Stored data entries:
====

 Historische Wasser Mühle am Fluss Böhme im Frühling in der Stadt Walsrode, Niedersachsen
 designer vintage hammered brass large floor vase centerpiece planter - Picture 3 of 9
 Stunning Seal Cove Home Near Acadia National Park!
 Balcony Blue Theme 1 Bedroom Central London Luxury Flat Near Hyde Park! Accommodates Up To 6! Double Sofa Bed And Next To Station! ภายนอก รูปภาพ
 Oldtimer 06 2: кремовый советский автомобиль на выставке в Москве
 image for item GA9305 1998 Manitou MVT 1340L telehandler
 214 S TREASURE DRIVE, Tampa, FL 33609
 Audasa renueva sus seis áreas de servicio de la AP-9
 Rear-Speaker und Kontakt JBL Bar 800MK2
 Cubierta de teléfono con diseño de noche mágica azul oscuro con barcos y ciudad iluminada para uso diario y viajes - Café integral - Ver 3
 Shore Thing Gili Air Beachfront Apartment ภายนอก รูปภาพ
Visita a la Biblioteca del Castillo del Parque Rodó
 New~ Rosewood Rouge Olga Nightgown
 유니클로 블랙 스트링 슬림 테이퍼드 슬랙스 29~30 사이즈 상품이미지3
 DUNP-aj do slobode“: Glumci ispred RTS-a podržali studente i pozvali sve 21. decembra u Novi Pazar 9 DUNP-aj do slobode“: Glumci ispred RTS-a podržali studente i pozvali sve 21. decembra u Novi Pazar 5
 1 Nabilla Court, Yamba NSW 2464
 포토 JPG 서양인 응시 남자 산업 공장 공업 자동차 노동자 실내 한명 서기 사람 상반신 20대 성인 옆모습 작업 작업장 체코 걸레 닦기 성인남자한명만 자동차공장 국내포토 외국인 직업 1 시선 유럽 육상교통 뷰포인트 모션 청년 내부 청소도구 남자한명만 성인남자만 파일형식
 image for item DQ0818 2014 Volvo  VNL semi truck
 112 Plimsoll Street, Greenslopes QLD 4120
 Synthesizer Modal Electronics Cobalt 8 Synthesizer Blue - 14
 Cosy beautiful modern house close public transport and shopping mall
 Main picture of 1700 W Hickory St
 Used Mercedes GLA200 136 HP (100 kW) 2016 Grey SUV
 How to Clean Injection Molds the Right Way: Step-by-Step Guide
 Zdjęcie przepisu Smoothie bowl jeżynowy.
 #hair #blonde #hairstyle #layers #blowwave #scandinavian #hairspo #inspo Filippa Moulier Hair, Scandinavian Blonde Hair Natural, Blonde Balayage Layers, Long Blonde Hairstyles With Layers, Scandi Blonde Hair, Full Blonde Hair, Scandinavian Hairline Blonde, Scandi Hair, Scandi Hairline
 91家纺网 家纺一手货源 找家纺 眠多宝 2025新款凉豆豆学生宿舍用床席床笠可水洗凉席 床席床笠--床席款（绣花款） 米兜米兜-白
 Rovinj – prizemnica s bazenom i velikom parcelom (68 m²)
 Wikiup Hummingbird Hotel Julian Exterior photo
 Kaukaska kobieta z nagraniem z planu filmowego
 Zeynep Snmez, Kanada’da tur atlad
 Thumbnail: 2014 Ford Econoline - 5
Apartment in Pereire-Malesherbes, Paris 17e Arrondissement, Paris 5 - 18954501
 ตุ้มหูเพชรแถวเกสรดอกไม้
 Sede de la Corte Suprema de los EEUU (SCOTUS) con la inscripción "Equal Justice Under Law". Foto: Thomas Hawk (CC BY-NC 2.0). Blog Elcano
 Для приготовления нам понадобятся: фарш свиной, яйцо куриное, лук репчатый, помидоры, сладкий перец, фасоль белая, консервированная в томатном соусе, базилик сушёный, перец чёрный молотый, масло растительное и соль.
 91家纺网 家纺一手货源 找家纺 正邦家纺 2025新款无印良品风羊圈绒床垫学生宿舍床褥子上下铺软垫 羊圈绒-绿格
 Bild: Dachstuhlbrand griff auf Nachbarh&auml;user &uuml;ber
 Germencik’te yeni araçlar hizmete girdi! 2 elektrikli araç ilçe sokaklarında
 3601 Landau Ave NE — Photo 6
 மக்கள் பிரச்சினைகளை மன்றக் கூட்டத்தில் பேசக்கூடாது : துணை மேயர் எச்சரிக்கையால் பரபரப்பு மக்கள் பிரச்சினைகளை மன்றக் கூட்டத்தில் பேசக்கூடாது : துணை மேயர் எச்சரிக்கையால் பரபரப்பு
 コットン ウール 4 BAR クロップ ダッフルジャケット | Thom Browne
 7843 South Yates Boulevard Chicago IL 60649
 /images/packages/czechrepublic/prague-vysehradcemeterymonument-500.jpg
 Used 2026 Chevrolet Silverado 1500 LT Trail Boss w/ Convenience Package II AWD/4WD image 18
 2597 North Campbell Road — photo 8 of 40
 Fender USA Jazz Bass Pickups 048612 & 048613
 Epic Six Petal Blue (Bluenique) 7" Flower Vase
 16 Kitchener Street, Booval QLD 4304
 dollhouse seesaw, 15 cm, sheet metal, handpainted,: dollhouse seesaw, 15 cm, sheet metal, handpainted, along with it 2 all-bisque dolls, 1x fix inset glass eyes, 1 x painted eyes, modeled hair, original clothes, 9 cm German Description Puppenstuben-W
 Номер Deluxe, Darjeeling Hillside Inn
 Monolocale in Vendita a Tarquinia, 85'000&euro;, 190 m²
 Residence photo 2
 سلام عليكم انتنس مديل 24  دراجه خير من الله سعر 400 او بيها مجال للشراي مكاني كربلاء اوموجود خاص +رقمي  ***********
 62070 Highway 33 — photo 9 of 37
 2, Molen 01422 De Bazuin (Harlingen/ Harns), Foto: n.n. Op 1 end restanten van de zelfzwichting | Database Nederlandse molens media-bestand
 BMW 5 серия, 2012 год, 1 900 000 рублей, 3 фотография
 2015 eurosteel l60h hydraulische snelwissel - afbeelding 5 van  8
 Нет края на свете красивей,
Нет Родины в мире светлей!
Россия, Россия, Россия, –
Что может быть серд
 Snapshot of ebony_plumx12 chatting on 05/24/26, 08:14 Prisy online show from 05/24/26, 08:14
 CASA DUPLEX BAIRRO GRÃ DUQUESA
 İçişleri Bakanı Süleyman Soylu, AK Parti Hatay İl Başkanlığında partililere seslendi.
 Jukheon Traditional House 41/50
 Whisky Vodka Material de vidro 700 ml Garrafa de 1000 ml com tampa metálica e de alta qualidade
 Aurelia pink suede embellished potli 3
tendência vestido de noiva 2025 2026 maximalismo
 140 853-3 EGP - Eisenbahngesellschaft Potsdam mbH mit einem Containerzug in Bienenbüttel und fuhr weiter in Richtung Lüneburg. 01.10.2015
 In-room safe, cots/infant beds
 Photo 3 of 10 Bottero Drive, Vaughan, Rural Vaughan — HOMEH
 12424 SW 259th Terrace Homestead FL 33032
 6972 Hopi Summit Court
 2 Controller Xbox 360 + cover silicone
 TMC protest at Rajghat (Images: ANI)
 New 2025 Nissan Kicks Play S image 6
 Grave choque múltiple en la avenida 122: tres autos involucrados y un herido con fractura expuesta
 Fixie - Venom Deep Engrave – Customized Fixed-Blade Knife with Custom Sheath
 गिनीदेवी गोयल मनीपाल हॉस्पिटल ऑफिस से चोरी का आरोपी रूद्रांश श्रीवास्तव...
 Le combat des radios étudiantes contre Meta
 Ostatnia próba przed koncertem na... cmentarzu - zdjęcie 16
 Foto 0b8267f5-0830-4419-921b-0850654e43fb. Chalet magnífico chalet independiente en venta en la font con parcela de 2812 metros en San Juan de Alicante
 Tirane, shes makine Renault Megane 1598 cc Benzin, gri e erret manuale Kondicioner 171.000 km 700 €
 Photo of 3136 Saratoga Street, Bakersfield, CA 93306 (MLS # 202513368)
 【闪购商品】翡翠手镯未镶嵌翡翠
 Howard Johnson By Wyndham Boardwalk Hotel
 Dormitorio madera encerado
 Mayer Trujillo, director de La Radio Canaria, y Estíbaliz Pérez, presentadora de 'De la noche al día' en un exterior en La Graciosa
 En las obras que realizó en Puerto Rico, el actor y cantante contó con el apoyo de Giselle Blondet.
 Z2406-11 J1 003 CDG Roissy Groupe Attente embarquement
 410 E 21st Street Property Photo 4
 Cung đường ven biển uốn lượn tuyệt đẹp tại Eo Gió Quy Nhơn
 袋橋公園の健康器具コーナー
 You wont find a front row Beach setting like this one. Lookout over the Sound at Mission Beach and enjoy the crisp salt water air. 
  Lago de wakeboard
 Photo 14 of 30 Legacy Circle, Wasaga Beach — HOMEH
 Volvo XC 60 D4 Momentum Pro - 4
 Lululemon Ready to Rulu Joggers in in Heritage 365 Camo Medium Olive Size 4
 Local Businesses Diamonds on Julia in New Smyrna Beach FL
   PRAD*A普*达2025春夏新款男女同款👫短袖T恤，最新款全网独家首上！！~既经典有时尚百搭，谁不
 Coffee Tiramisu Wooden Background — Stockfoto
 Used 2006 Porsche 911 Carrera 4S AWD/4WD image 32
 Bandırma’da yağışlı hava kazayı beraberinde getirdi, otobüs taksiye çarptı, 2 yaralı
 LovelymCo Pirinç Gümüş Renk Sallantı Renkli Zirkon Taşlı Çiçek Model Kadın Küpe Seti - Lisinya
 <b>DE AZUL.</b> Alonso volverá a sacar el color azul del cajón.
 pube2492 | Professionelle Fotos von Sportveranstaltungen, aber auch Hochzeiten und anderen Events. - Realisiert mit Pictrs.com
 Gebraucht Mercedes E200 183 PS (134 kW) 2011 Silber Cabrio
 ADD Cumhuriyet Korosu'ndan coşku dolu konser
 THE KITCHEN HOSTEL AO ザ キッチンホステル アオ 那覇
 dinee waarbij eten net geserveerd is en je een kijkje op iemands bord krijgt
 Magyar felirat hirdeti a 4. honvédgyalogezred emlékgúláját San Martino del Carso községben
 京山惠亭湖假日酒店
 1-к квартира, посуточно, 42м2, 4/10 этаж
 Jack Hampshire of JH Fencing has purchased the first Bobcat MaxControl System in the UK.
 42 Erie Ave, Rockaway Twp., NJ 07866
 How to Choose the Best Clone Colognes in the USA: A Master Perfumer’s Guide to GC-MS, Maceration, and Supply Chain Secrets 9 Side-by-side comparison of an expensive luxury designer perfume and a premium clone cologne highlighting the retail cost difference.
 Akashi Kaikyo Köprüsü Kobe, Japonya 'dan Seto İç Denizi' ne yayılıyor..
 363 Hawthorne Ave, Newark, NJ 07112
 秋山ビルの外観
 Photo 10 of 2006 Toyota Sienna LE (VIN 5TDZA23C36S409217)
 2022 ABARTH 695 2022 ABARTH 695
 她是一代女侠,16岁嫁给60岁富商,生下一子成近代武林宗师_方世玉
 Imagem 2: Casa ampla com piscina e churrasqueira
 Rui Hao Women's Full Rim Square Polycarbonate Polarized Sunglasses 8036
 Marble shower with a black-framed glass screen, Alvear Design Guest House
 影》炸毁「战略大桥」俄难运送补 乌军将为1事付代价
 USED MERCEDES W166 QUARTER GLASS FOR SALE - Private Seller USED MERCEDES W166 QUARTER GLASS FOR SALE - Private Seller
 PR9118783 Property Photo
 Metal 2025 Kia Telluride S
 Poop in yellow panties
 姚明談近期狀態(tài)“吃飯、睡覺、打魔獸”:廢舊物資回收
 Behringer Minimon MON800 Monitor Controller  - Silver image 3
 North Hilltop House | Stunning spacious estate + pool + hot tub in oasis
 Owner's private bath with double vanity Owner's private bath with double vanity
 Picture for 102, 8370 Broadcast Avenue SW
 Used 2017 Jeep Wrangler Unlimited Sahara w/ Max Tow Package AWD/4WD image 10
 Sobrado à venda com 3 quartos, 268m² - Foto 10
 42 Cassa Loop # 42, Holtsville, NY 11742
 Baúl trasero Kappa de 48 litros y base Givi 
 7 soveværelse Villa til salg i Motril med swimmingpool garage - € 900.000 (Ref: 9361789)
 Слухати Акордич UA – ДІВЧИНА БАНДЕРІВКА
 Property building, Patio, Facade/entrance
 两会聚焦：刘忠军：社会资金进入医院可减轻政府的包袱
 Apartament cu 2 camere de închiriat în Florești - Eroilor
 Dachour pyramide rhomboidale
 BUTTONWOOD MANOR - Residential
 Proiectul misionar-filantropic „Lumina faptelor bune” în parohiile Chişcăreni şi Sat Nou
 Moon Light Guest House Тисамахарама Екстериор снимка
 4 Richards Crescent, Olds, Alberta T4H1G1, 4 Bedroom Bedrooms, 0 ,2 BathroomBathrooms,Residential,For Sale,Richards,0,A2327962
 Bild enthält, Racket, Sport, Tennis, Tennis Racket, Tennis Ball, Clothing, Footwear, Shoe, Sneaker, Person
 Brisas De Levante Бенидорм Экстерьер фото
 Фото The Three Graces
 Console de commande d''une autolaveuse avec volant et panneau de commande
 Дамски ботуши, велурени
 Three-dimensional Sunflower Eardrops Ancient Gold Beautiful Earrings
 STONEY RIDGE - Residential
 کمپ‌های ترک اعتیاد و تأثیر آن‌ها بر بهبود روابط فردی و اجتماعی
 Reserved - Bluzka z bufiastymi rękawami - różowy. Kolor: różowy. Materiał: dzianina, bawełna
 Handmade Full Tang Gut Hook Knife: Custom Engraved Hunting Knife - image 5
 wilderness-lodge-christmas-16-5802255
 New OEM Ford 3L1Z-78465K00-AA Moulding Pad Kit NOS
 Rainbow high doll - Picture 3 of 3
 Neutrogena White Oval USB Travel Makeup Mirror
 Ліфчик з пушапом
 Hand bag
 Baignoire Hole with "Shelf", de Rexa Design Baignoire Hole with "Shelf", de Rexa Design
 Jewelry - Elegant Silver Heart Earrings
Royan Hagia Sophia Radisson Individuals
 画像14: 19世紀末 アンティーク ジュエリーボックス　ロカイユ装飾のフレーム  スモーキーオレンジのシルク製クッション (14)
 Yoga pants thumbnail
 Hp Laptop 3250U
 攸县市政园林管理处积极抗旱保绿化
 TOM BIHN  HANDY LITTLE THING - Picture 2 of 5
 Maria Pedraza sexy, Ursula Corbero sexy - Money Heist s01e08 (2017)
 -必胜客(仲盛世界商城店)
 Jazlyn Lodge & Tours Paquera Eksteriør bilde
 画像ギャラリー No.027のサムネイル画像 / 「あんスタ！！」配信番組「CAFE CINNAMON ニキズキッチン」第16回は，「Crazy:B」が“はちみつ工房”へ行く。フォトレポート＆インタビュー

====

Output the records above exactly, from their first line through the line that contains "포토 JPG 서양인 응시", and add nothing.

Solution for this task:
 Historische Wasser Mühle am Fluss Böhme im Frühling in der Stadt Walsrode, Niedersachsen
 designer vintage hammered brass large floor vase centerpiece planter - Picture 3 of 9
 Stunning Seal Cove Home Near Acadia National Park!
 Balcony Blue Theme 1 Bedroom Central London Luxury Flat Near Hyde Park! Accommodates Up To 6! Double Sofa Bed And Next To Station! ภายนอก รูปภาพ
 Oldtimer 06 2: кремовый советский автомобиль на выставке в Москве
 image for item GA9305 1998 Manitou MVT 1340L telehandler
 214 S TREASURE DRIVE, Tampa, FL 33609
 Audasa renueva sus seis áreas de servicio de la AP-9
 Rear-Speaker und Kontakt JBL Bar 800MK2
 Cubierta de teléfono con diseño de noche mágica azul oscuro con barcos y ciudad iluminada para uso diario y viajes - Café integral - Ver 3
 Shore Thing Gili Air Beachfront Apartment ภายนอก รูปภาพ
Visita a la Biblioteca del Castillo del Parque Rodó
 New~ Rosewood Rouge Olga Nightgown
 유니클로 블랙 스트링 슬림 테이퍼드 슬랙스 29~30 사이즈 상품이미지3
 DUNP-aj do slobode“: Glumci ispred RTS-a podržali studente i pozvali sve 21. decembra u Novi Pazar 9 DUNP-aj do slobode“: Glumci ispred RTS-a podržali studente i pozvali sve 21. decembra u Novi Pazar 5
 1 Nabilla Court, Yamba NSW 2464
 포토 JPG 서양인 응시 남자 산업 공장 공업 자동차 노동자 실내 한명 서기 사람 상반신 20대 성인 옆모습 작업 작업장 체코 걸레 닦기 성인남자한명만 자동차공장 국내포토 외국인 직업 1 시선 유럽 육상교통 뷰포인트 모션 청년 내부 청소도구 남자한명만 성인남자만 파일형식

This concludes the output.